Sense of place has always been a key theme of my own writing. I’ve always sought to respond creatively to my location, and early in the gestation of a new piece of writing, I’m thinking about the physicality of place and trying to answer questions like: ‘What kind of people lived here? What was their story? How can I re-imagine their experience?’
My first two novels, Tumulus (Polygon, 2000) and Estuary Blue (Polygon, 2001) attempted to memorialise Dundee and East Perthshire. In Tumulus, I felt the pressing need to ‘represent’ the modern city of Dundee, to wave flags for the place, to show that fiction could be written there, that it is a worthy location for a novel. And I wanted to memorialise to individuals I had known, including many friends who had died, on the page for posterity. I’ve lived in Dundee for nearly forty years and the North-East of Scotland is where my deepest family roots lie, as far back as I’ve traced them – to a John Scott in Fraserburgh in 1840. He had eleven children. I like to think – and it is quite probable – that my ancestors were ‘loons and quines’ who had hard lives working on the land or on the sea.

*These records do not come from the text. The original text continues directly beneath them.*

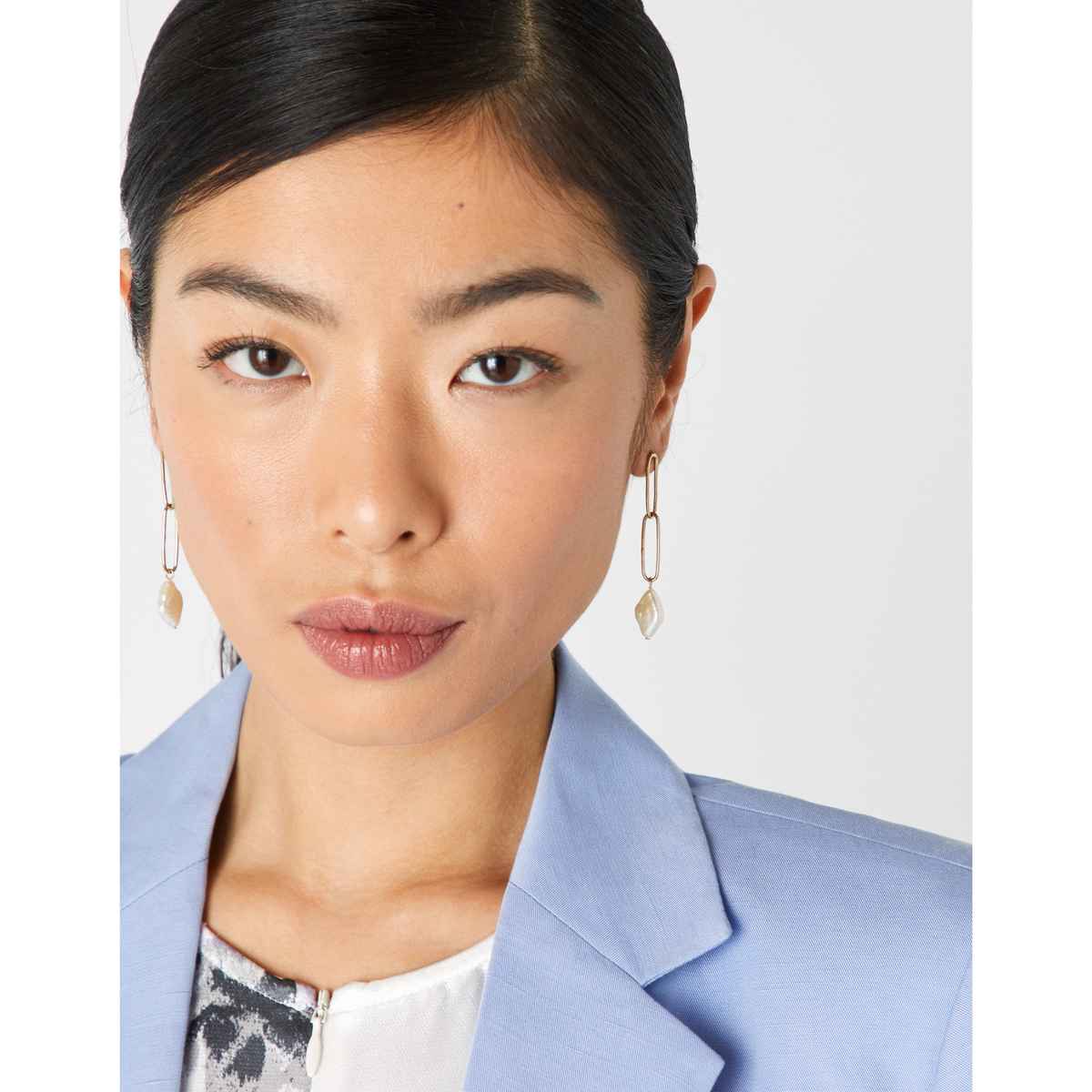 Accessorize London Women's Freshwater Pearl Chain Earring - Gold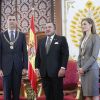 Le roi Mohammed VI a décoré le roi Felipe VI et la reine Letizia du Ouissam Al Mohammadi. Le roi Mohammed VI du Maroc, en compagnie de sa femme la princesse Lalla Salma, de son frère le prince Moulay Rachid et de ses soeurs les princesses Lalla Meryem, Lalla Asma et Lalla Hasna, recevait le 14 juillet 2014 le roi Felipe VI d'Espagne et la reine Letizia en visite officielle inaugurale.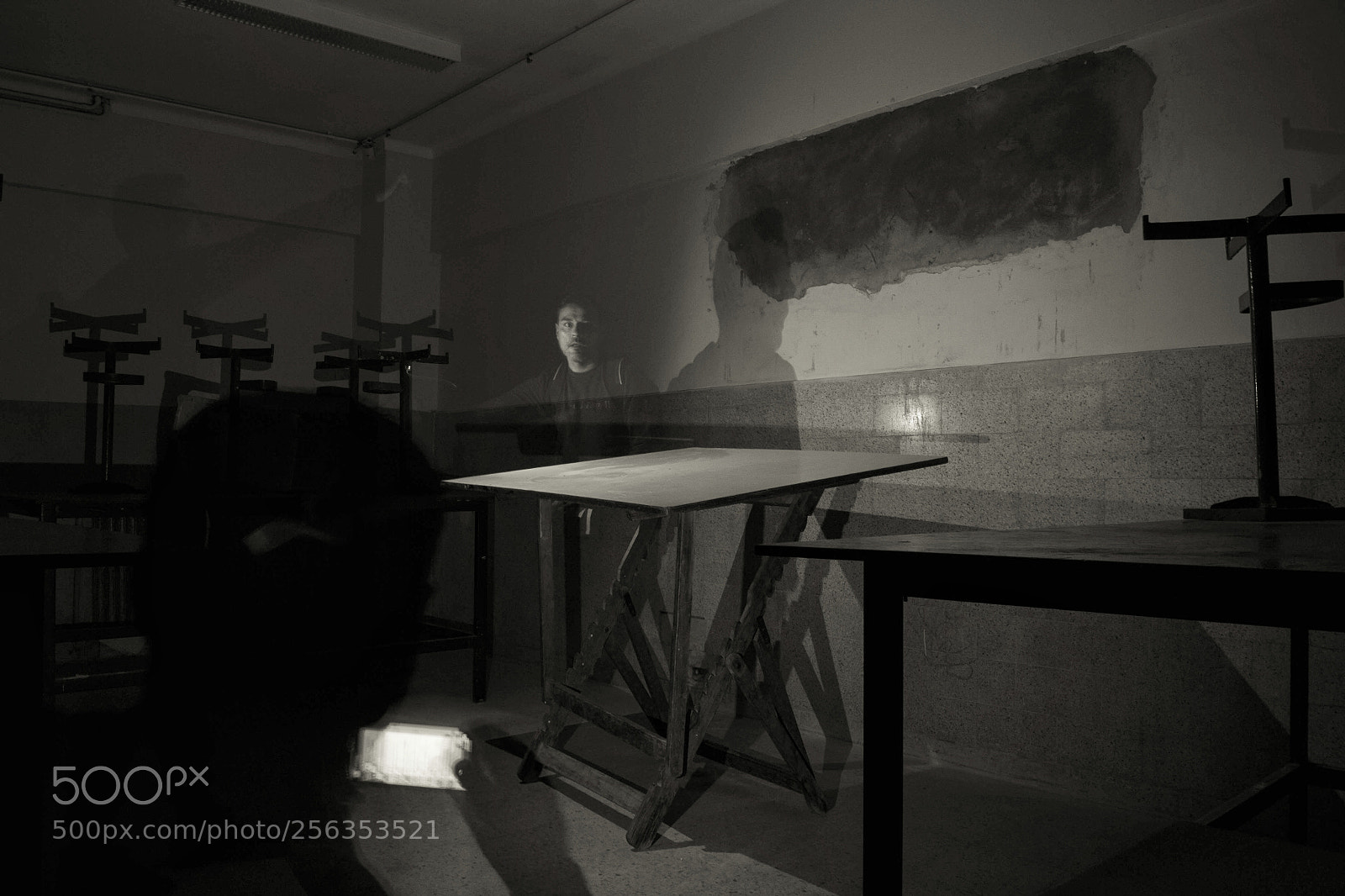 Nikon D3100 sample photo. Fantasma en el aula photography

My great uncle Dod had a 30-acre hill farm at South Thornhill in Cuminestown, Aberdeenshire, where my dad played as a boy. I remember sitting on Dod’s knee holding the great steering wheel of his grey Ford tractor high above the wobbly wheels, scattering the hens in front of me. Dod, who lived to be a hundred, and his wife Lizzie, are buried at Montquhitter Churchyard in Cuminestown, near to my father’s memorial plaque and these real details were in my mind when I came to write what became my fourth published novel, The Big J. I’ve always had the view that something real has an indelible, intrinsic truth which is not possessed by anything made up. All fiction is a trick, a manipulation of different facets of reality. Fictional places and characters must be convincing and the inclusion of at least some real elements can help to create a greater illusion.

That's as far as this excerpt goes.